* [BRIEF]
Beginning with the line that holds "Fantastic Four (1998)" and ending with the last line, please repeat the entries exactly and omit the pictures.

[Stored records]
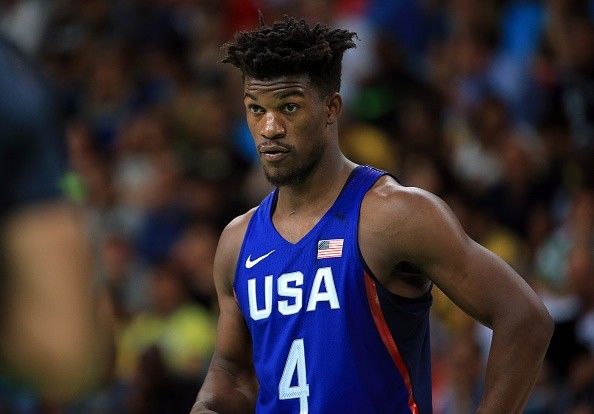 Jimmy Butler's Fan Out Fade haircut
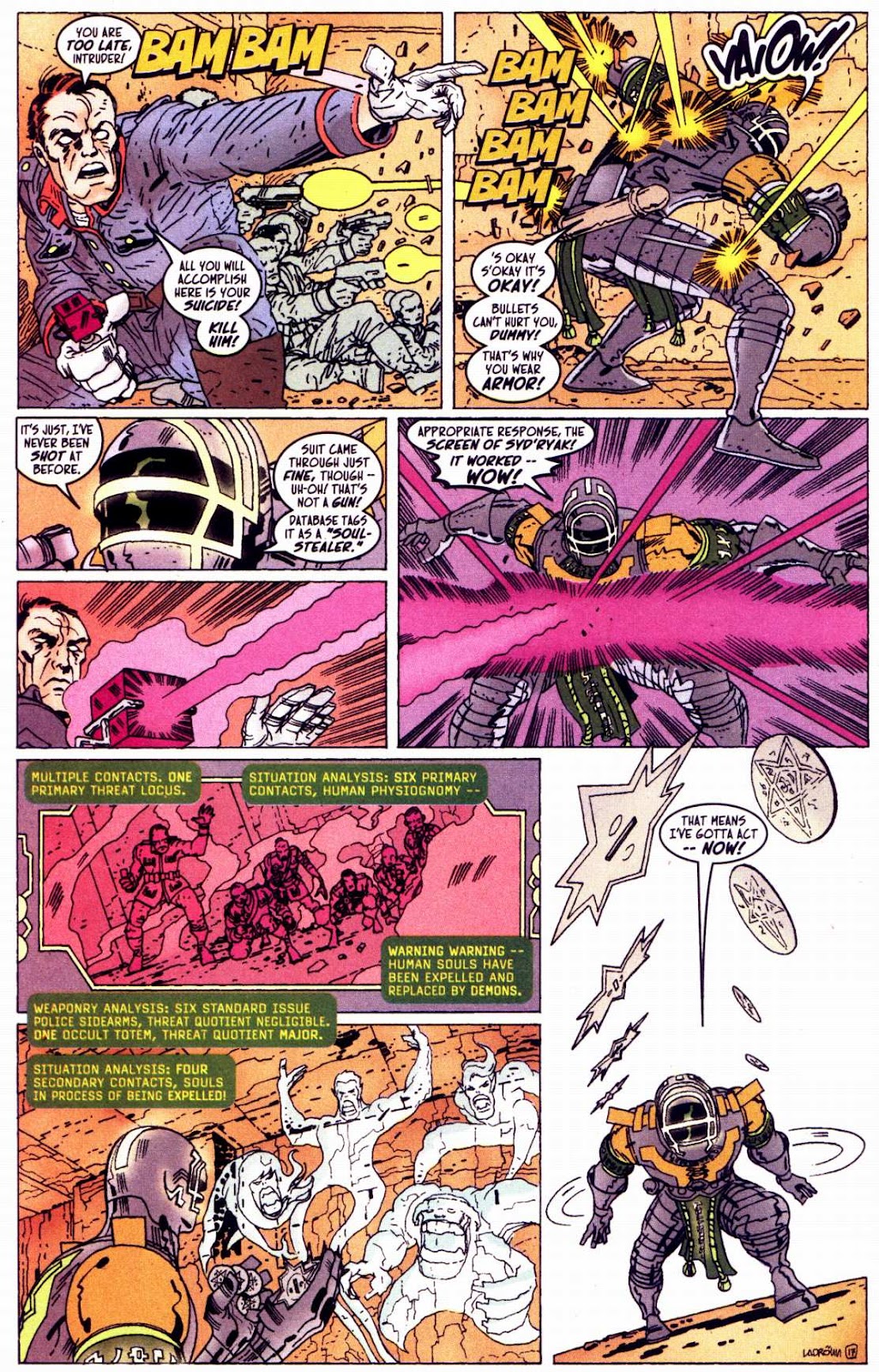 Fantastic Four (1998) issue Annual 1999 - Page 17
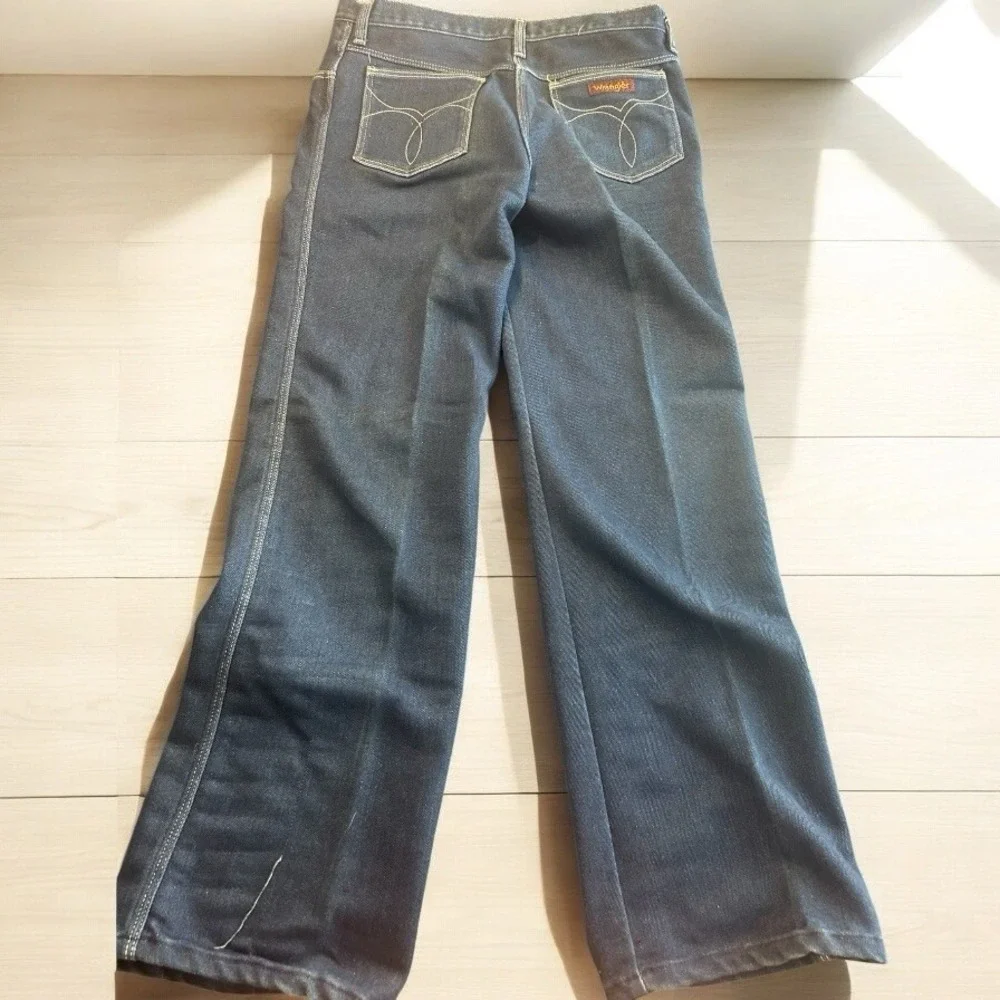 Vintage Wrangler Wrapid Transit Slim Fit Jeans‎ Men's 32x32 USA Made Style 84441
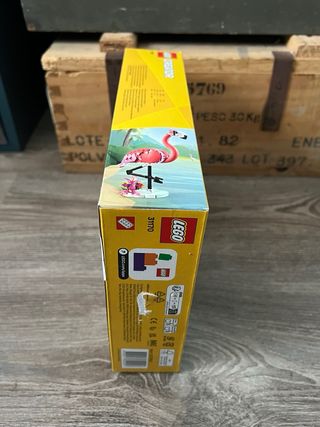 LEGO Creator 31170 Flamenco 3 en 1 Nuevo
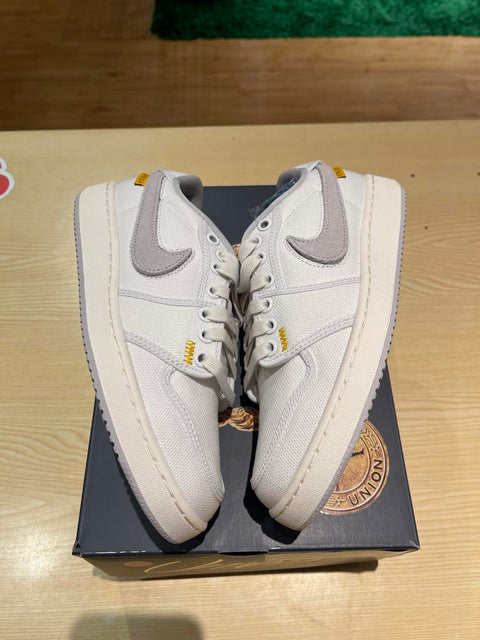 Jordan 1 Retro AJKO Low SP Union White Canvas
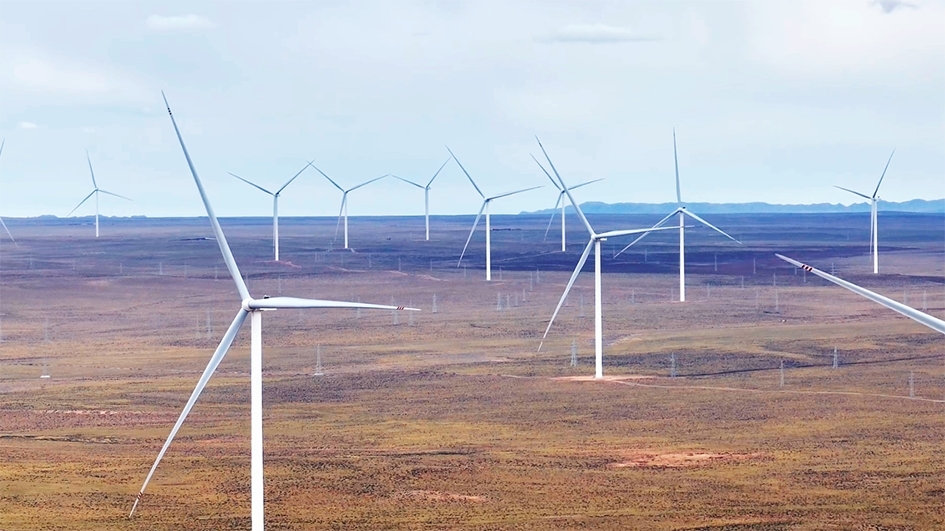 蒙能中旗150万千瓦风储基地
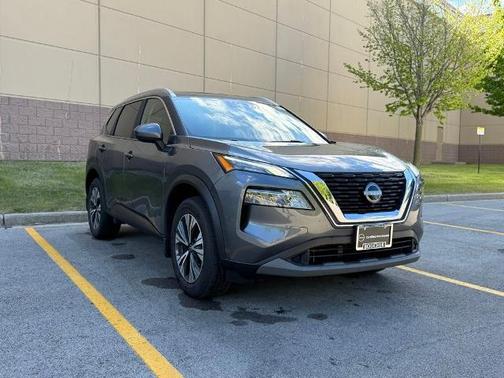 Gun Metallic 2023 Nissan Rogue SV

* [RESULT]
 Fantastic Four (1998) issue Annual 1999 - Page 17
 Vintage Wrangler Wrapid Transit Slim Fit Jeans‎ Men's 32x32 USA Made Style 84441
 LEGO Creator 31170 Flamenco 3 en 1 Nuevo
 Jordan 1 Retro AJKO Low SP Union White Canvas
 蒙能中旗150万千瓦风储基地
 Gun Metallic 2023 Nissan Rogue SV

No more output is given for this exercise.